ABOUT THIS EXERCISE |
Leaving out every picture, transcribe the lines from the line that contains "Veg gravy chowmein" to the end of the entries below, both ends included.
:: INPUT DATA
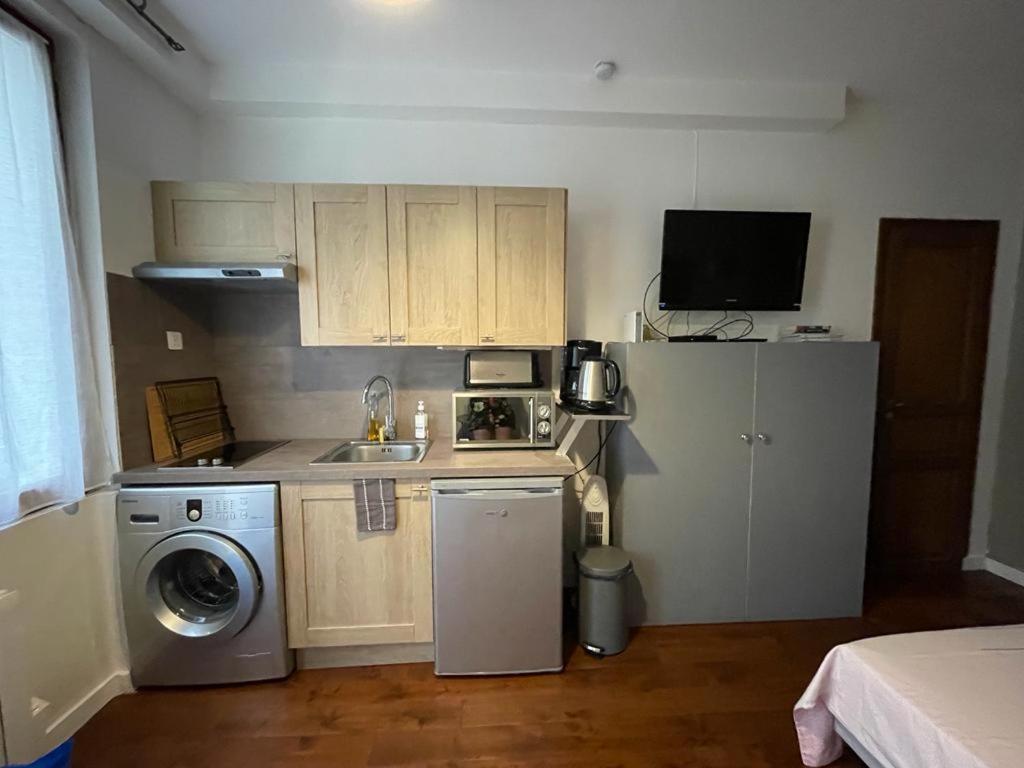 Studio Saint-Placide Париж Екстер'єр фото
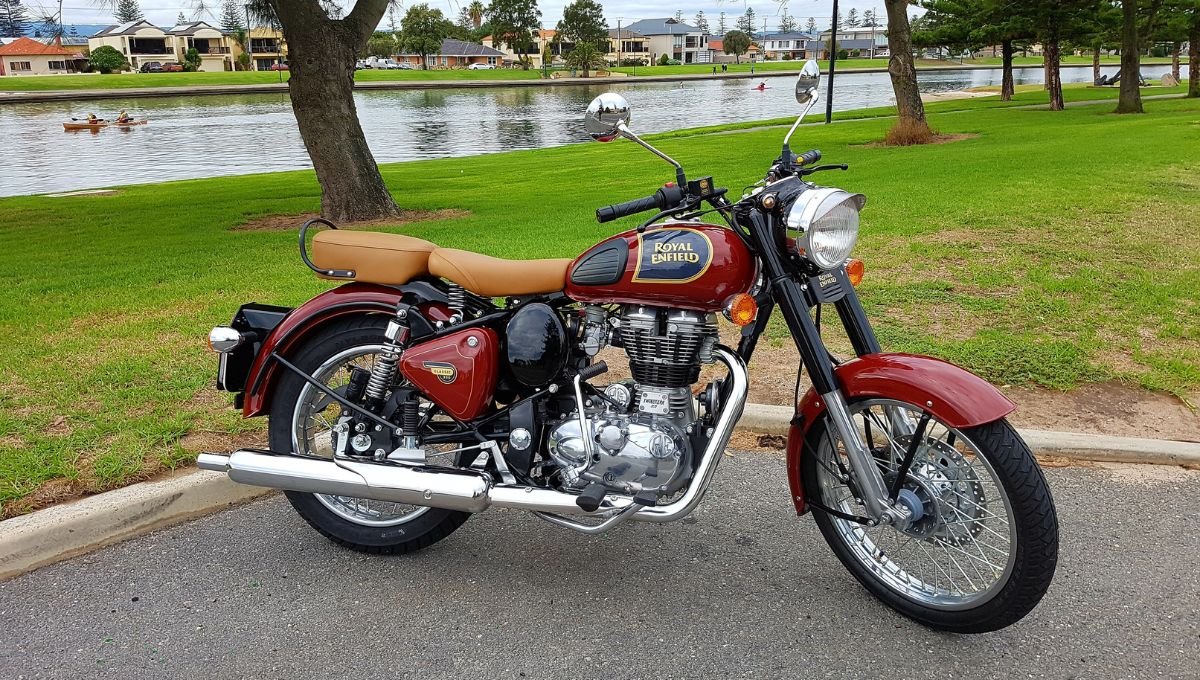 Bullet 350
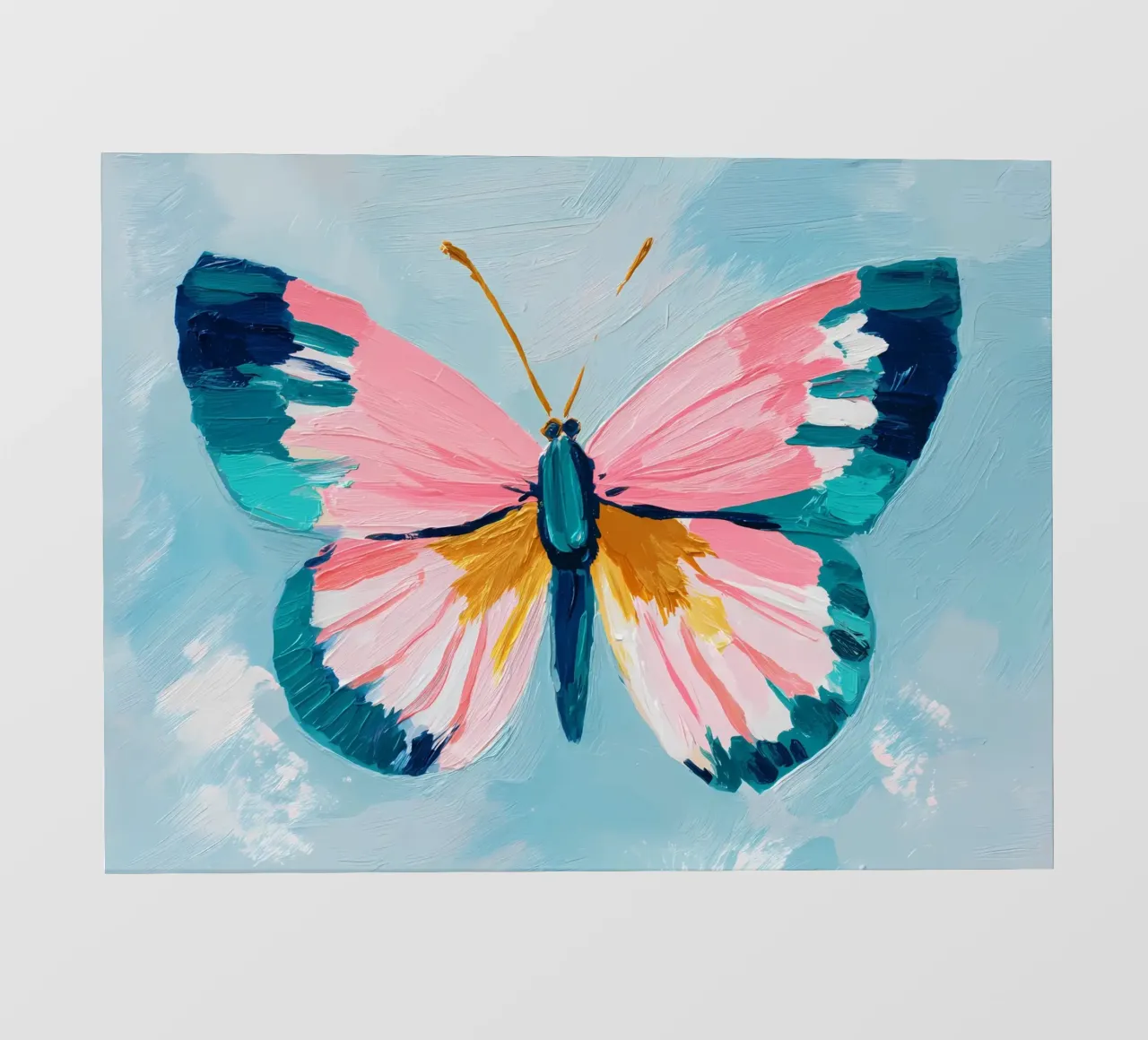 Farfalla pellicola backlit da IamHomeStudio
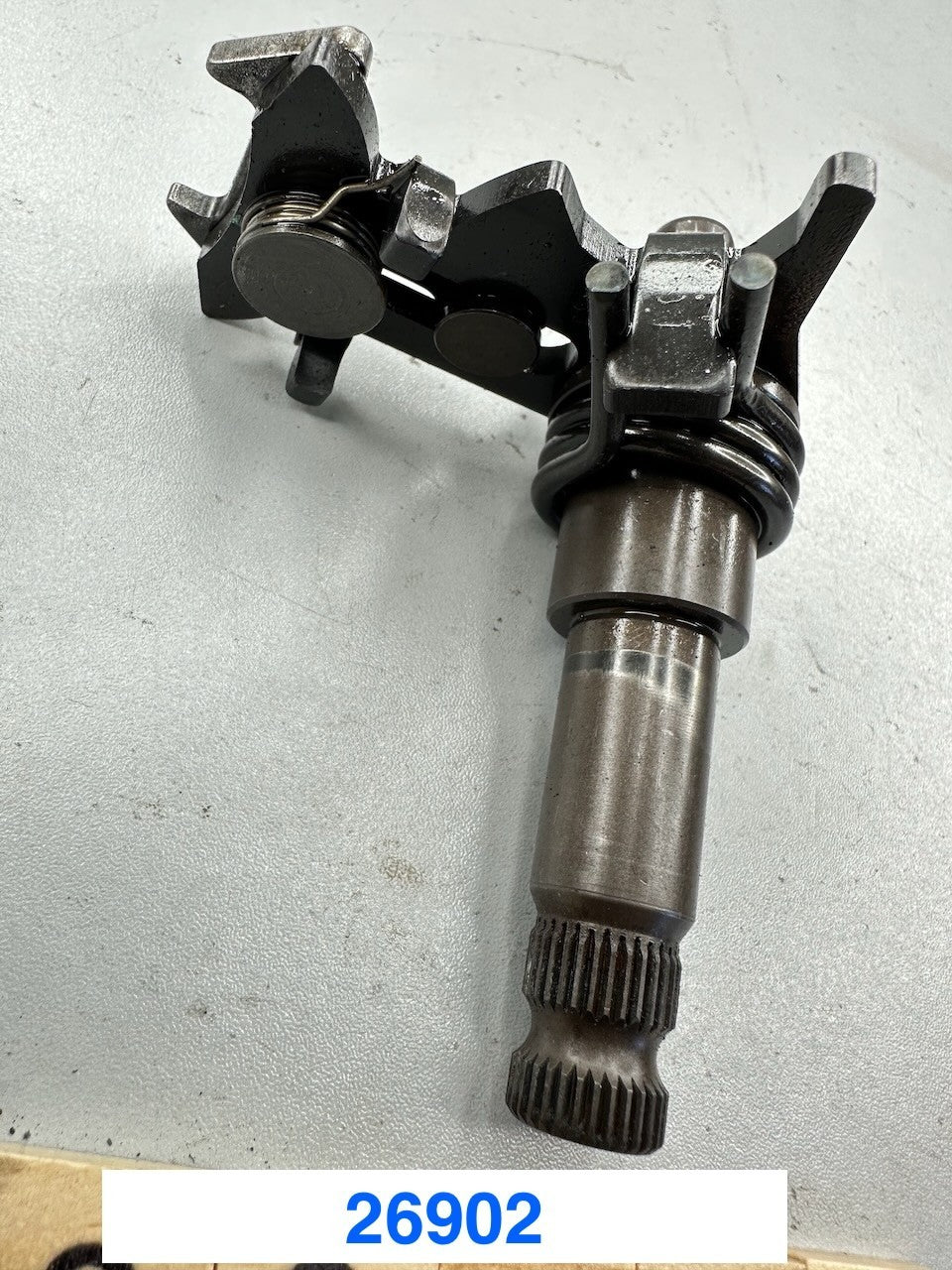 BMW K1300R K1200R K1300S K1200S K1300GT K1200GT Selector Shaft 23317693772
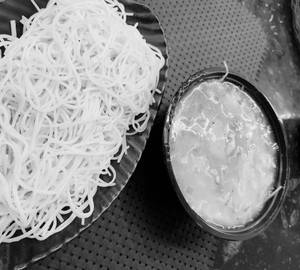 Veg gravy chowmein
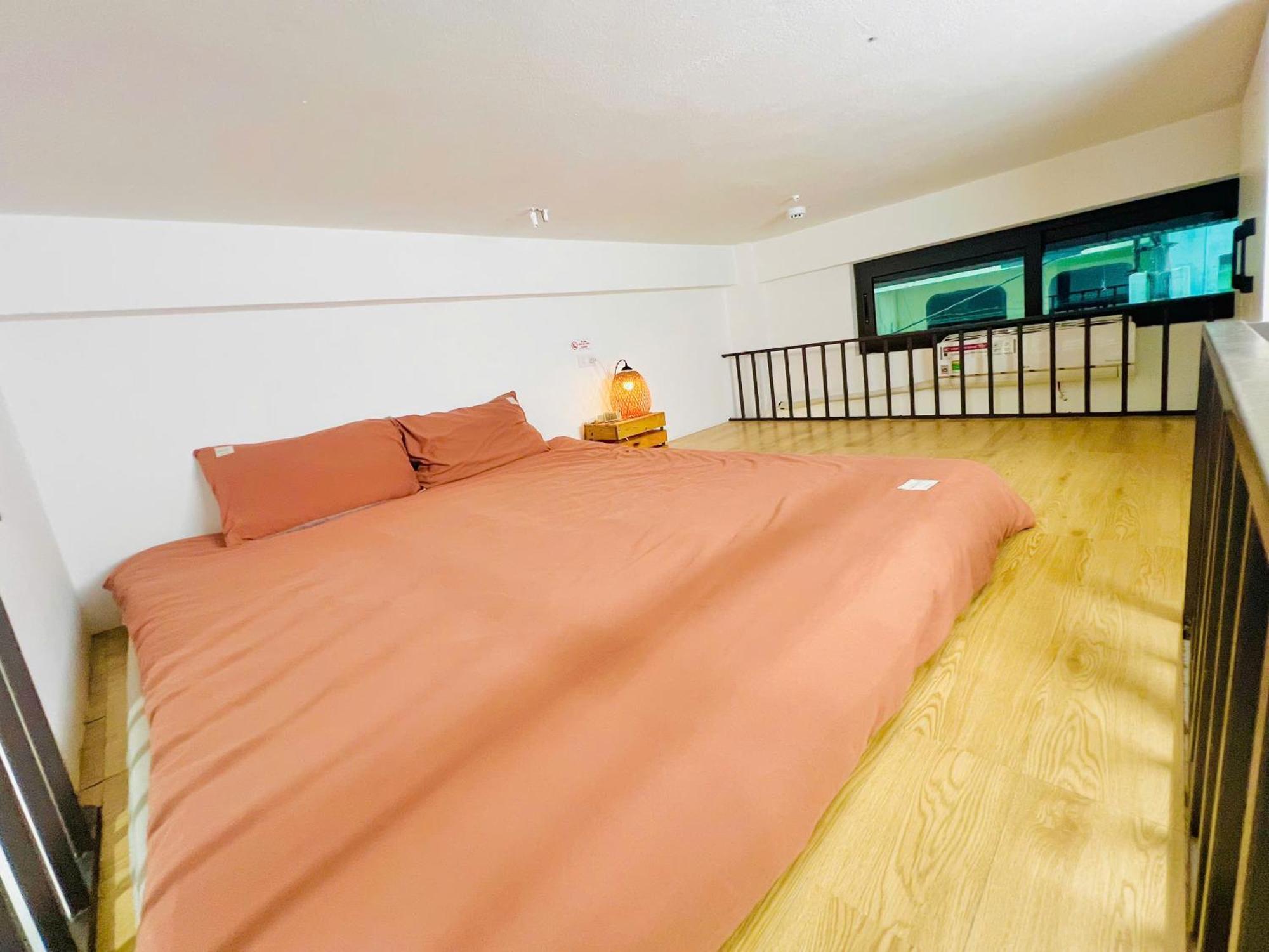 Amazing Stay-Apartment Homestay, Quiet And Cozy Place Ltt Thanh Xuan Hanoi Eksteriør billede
::::
RESULT FOR THIS EXERCISE |
 Veg gravy chowmein
 Amazing Stay-Apartment Homestay, Quiet And Cozy Place Ltt Thanh Xuan Hanoi Eksteriør billede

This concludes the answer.